EXERCISE GOAL: Without the pictures, reproduce the entries below exactly.

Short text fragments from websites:
--- --- ---

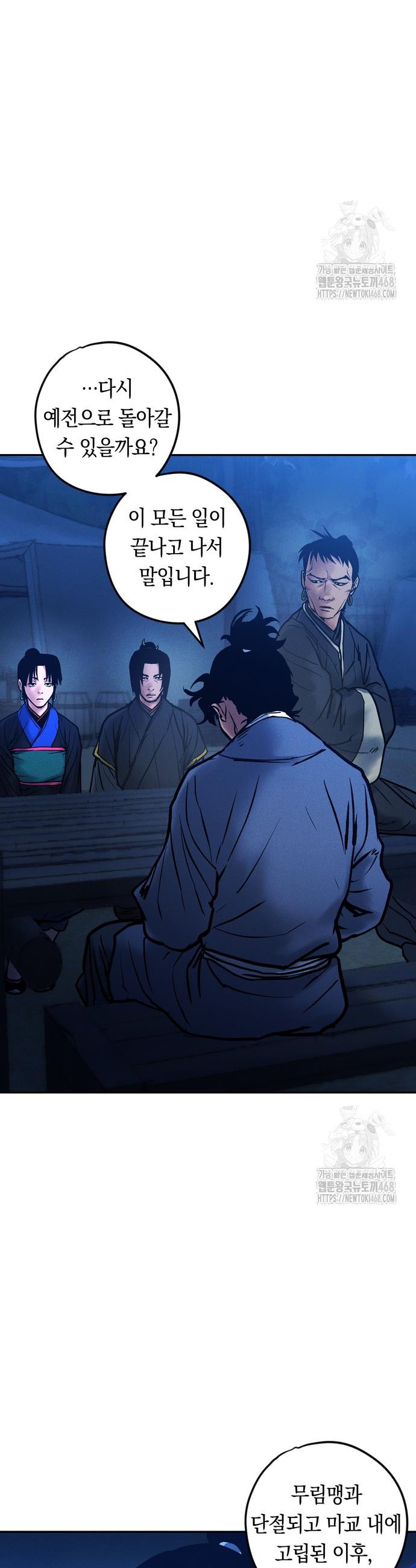 1745776609113daonhy1udk6.jpg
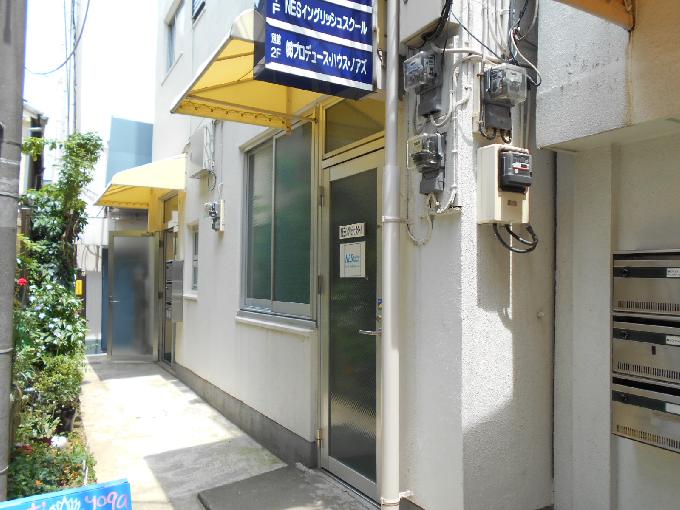 中村ビル別館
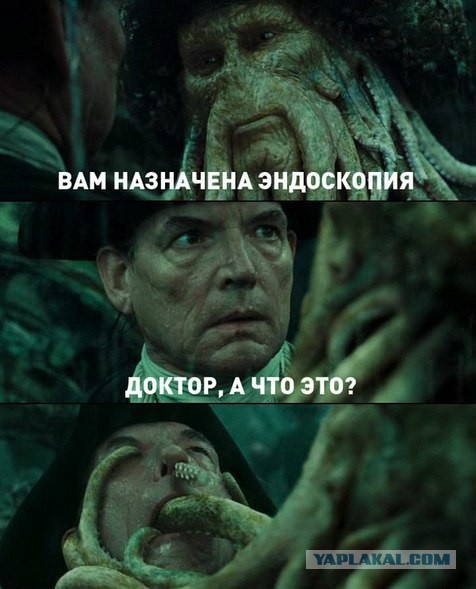 Истории от врачей 4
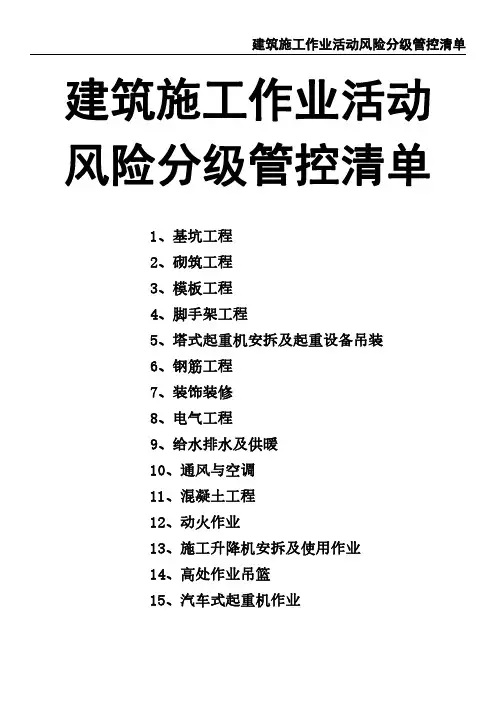 最新建筑施工作业活动风险分级管控清单范文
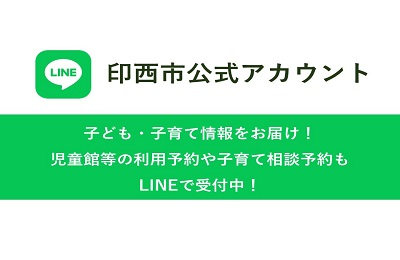 子育てサイトバナー（LINE）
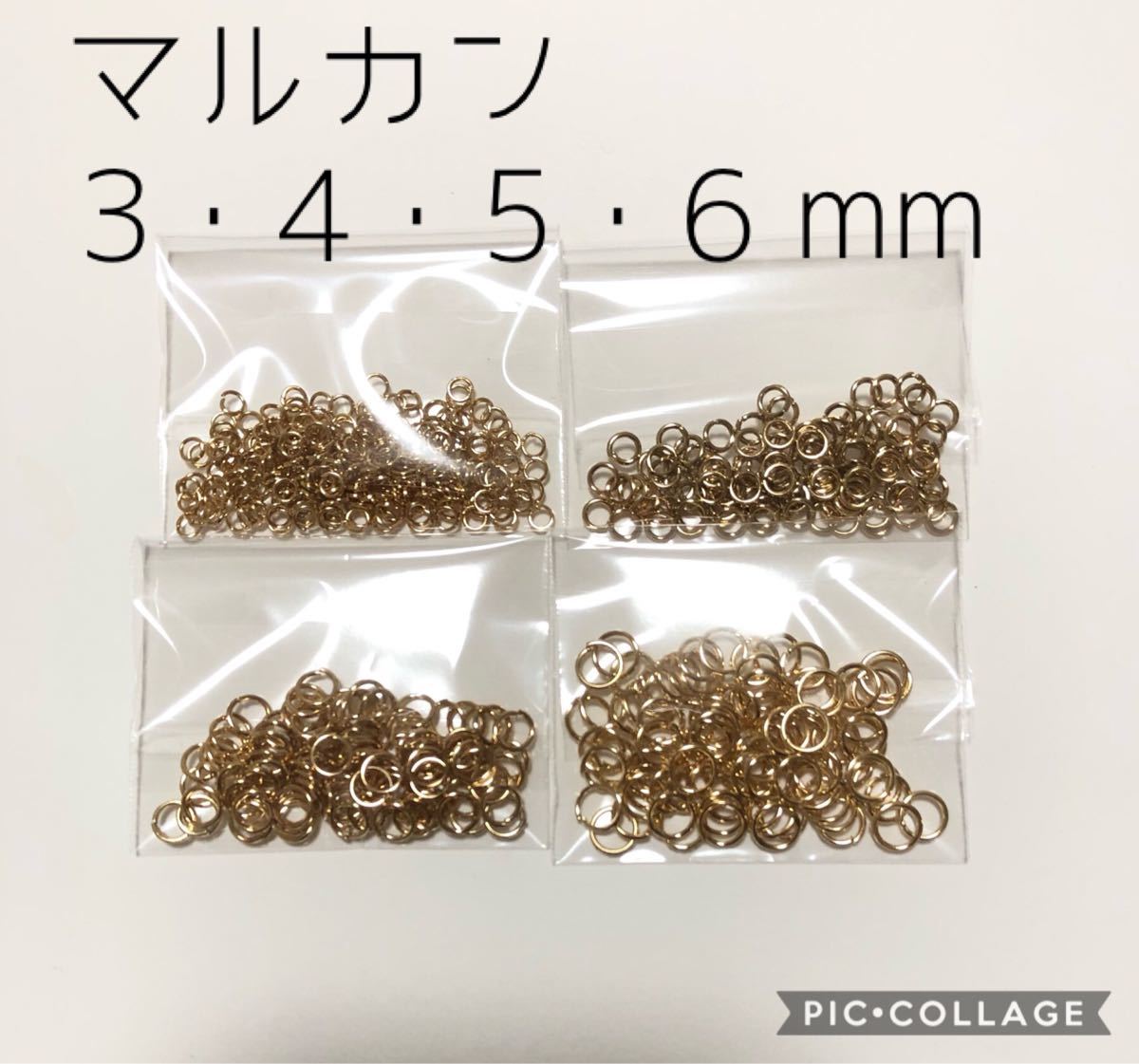 マルカン4サイズ★丸カン3mm200個 4・5・6mm各100個 ゴールド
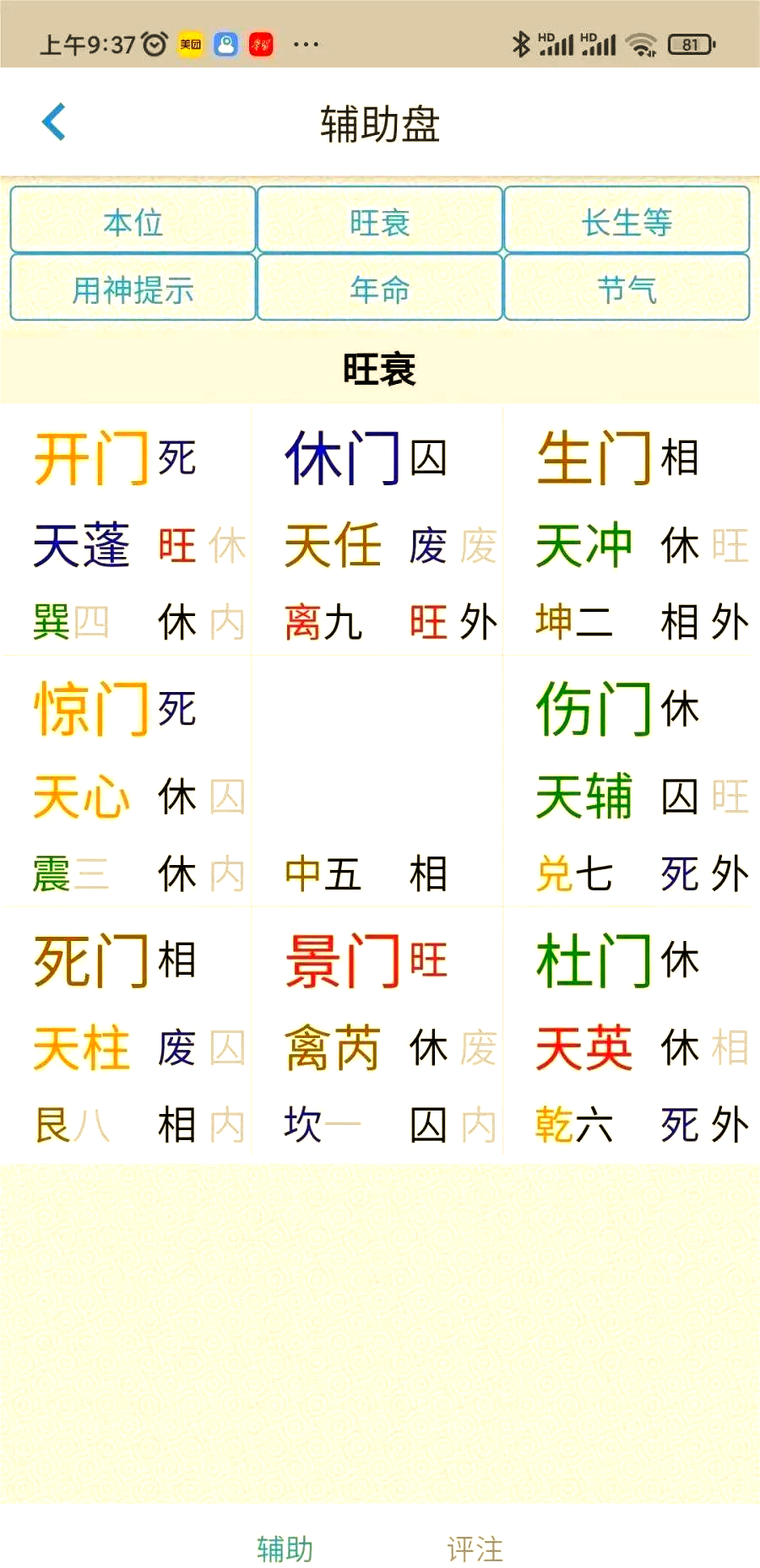 八字排盘软件手机版 八字排盘软件手机版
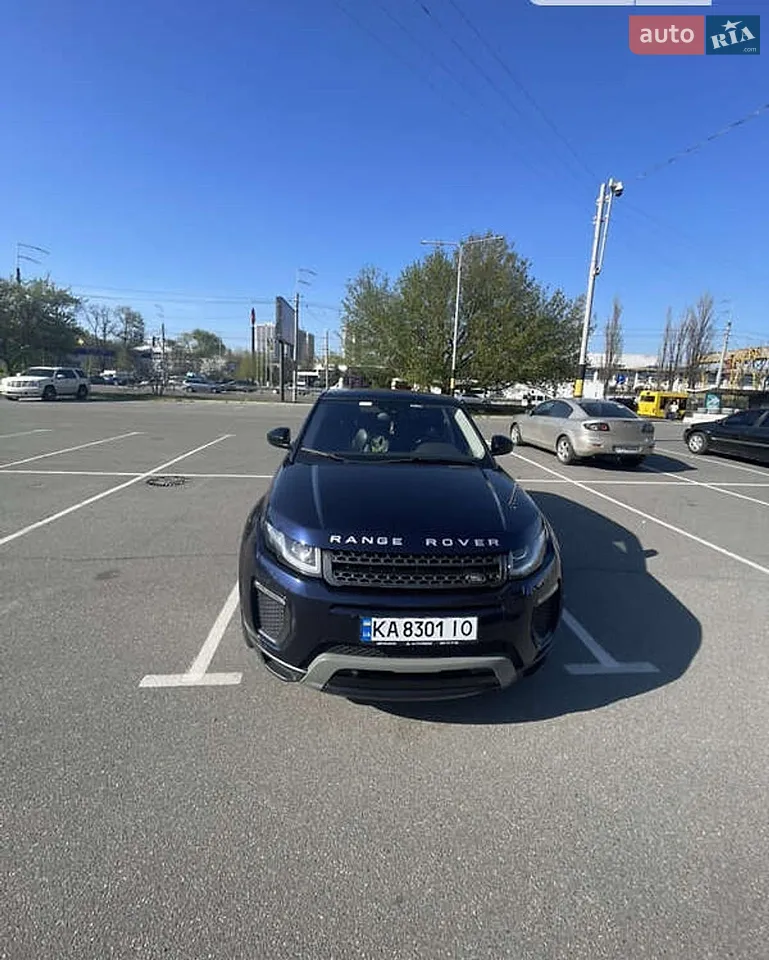 2017 Land Rover Range Rover Evoque - мініатюра 11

--- --- ---

EXPECTED ANSWER:
 1745776609113daonhy1udk6.jpg
 中村ビル別館
 Истории от врачей 4
 最新建筑施工作业活动风险分级管控清单范文
 子育てサイトバナー（LINE）
 マルカン4サイズ★丸カン3mm200個 4・5・6mm各100個 ゴールド
 八字排盘软件手机版 八字排盘软件手机版
 2017 Land Rover Range Rover Evoque - мініатюра 11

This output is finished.